When the mode of reproduction is known (e.g., a species only
reproduces sexually or the sexual and clonal offspring have been counted
separately), matR can be substituted with matF
or matC.
For any life history, we can reconstruct the full projection matrix,
A, by adding together the components. For
mpm1, A = U +
F. A population with separately counted sexual and
clonal offspring production would be A =
U + F + C.
Rage functions currently accept MPM components as
arguments; therefore, it is not necessary to group the matrix components
together in a list. We anticipate that future package releases will
define methods that accept objects of classes matrix,
CompadreMat, and CompadreDB for compatibility
with the COM(P)ADRE databases and
its accessor package Rcompadre.
Families of Rage functions for life history
analysis
The functions in Rage fall into five broad categories,
and are detailed in the subsections below:
A full list of functions by category is available at the documentation
webpage.
1. Standardized vital rates
The elements of an MPM transition matrix (A)

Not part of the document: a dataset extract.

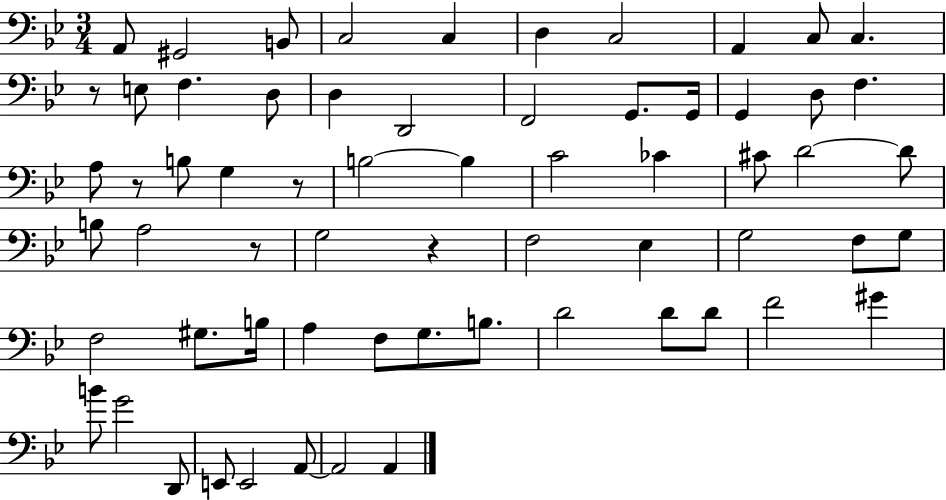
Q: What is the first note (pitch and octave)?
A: A2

generally are composites of two or more vital rates (sometimes called
‘lower-level vital rates’). For example, the transition from stage 1 to
stage 2 (element \(a_{21}\)) may
colloquially be thought of as ‘growth,’ but importantly this transition
is growth conditional on the individual surviving. Assuming a
post-breeding census design, we can retroactively partition each
transition in MPM submatrices into survival (using the column sums of
U) and one of the following: growth (using the lower
triangle of U), shrinkage (upper triangle of
U), stasis (diagonal of U), dormancy
(from U with user-indicated dormant stages), fecundity
(from F) or clonality (from C).
The vr_vec_* family of functions provide a means to
calculate lower-level vital rates for each life stage in the input
matrix or matrices. For example, we can calculate stage-specific
survival and stasis from our example U matrix:
vr_vec_survival(matU = mpm1$matU)
#> seed small medium large dormant
#> 0.15 0.50 0.66 0.86 0.39
vr_vec_stasis(matU = mpm1$matU)
#> seed small medium large dormant
#> 0.6666667 0.2400000 0.1818182 0.6046512 0.4358974
Multiplying these two together yields the probability of stasis
conditional on survival, in other words the diagonal of our example
U matrix.
# product of Pr(survival) and Pr(stasis) yields Pr(stasis|survived)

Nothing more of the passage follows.